CINEMA: VENEZIA; LEVANON, LA GUERRA VISTA DA UN TANK/ANSA
(ANSA) - ROMA, 26 AGO - Tra i film di cui si parlera' molto
alla prossima Mostra del Cinema di Venezia c'e' indubbiamente
Levanon (Lebanon) opera d'esordio dell'israeliano Samuel Maoz
che, dopo l'anteprima veneziana, andra' ai festival di Toronto e
New York. Serio candidato al Leone del Futuro/ Premio Luigi De
Laurentiis, il film e' a firma di un autore che ha alle spalle
un serio tirocinio tra documentari e programmi televisivi. Ma
questa storia gli appartiene in modo drammaticamente diretto,
tanto da aver dichiarato ''forse se non avessi covato in fondo
alla mente questo progetto la mia vita avrebbe avuto un'altra
piega e magari sarei impazzito''.
Infatti, coscritto appena ventenne, Samuel Maoz fu tra i primi
soldati israeliani a varcare la frontiera con il Libano nel
giugno del 1982. Coinvolto nei primi scontri, ferito
superficialmente a una gamba, il futuro regista avrebbe rimosso
quell'episodio fino a quando, due anni fa, non si sarebbe
risolto ad affrontare di petto la sua memoria personale e quella
collettiva della sua generazione, proprio come accaduto ad Ari
Folman, l'autore di Valzer con Bashir, appena un anno fa.

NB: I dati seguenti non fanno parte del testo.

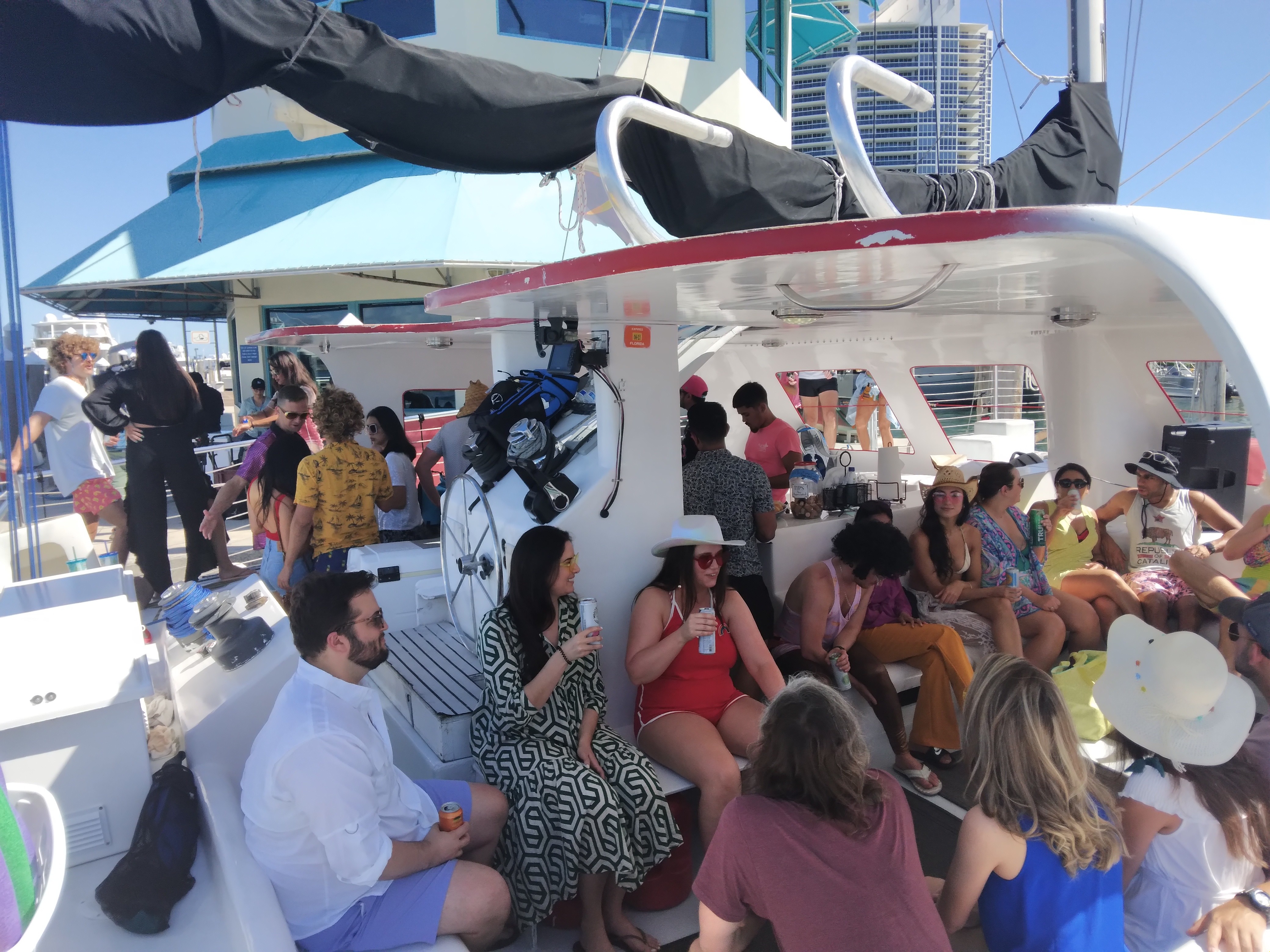 silhouette of man and woman holding fishing rod standing on dock during sunset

La pagina buia delle guerre di Israele in Libano era stata
aperta nel 1992 dal libanese Samir Habchi con The Tornado, prima
opera a narrare quel conflitto dal punto di vista degli
sconfitti e della gente comune coinvolta negli scontri tra
l'esercito di Tsahal e gli Hezbollah. Ma le facce del prisma del
ricordo rimosso di tutto il Medio Oriente dai massacri di Sabra
e Chatila in poi, sono molteplici, dalla tragedia palestinese
alle vicende della comunita' drusa e maronita, al complesso di
colpa dei soldati israeliani. La vera sorpresa di Levanon sta
pero' nel raccontare questa storia letteralmente ''dal di
dentro''.
Ne sono infatti protagonisti i giovanissimi carristi
che, rinchiusi nel loro carro armato, oltrepassano la frontiera
libanese per una missione che dovrebbe essere di puro appoggio
alle avanguardie di fanteria. Dal microcosmo del tank, il mondo
si riduce a una feritoia stretta, da cui per lo piu', si guarda
attraverso il visore a raggi infrarossi. Il mondo diventa un
acquario quasi astratto, in cui le persone umane prendono forma
come ectoplasmi, possibili bersagli, incidenti di percorso. I
protagonisti della storia - dice il regista - non sono eroi e
non vogliono nemmeno diventarlo; ma sono uomini, esposti alla
paura, all'inesperienza, allo shock della morte e al terrore di
diventare ad ogni istante bersagli mobili. La missione,
cominciata quasi come una scampagnata in un campo di girasoli,
si trasforma rapidamente in un incubo senza possibile ''happy
end''.
Autentico dramma da camera, film di sapori e odori (primo
quello della paura), il film concede poco - dice un critico
israeliano - allo spettacolo in senso tradizionale, ma ha dalla
sua lo spettacolo del reale. ''Mai nella mia vita - commenta un
reduce delle guerre israeliane - avevo ritrovato in modo cosi'
vivido le sensazioni provate al fronte, mentre si sta chiusi
dentro quella dannata scatola, apparentemente il luogo piu'
sicuro in battaglia, ma anche una trappola per topi, il
bersaglio naturale di ogni attentatore''.(ANSA).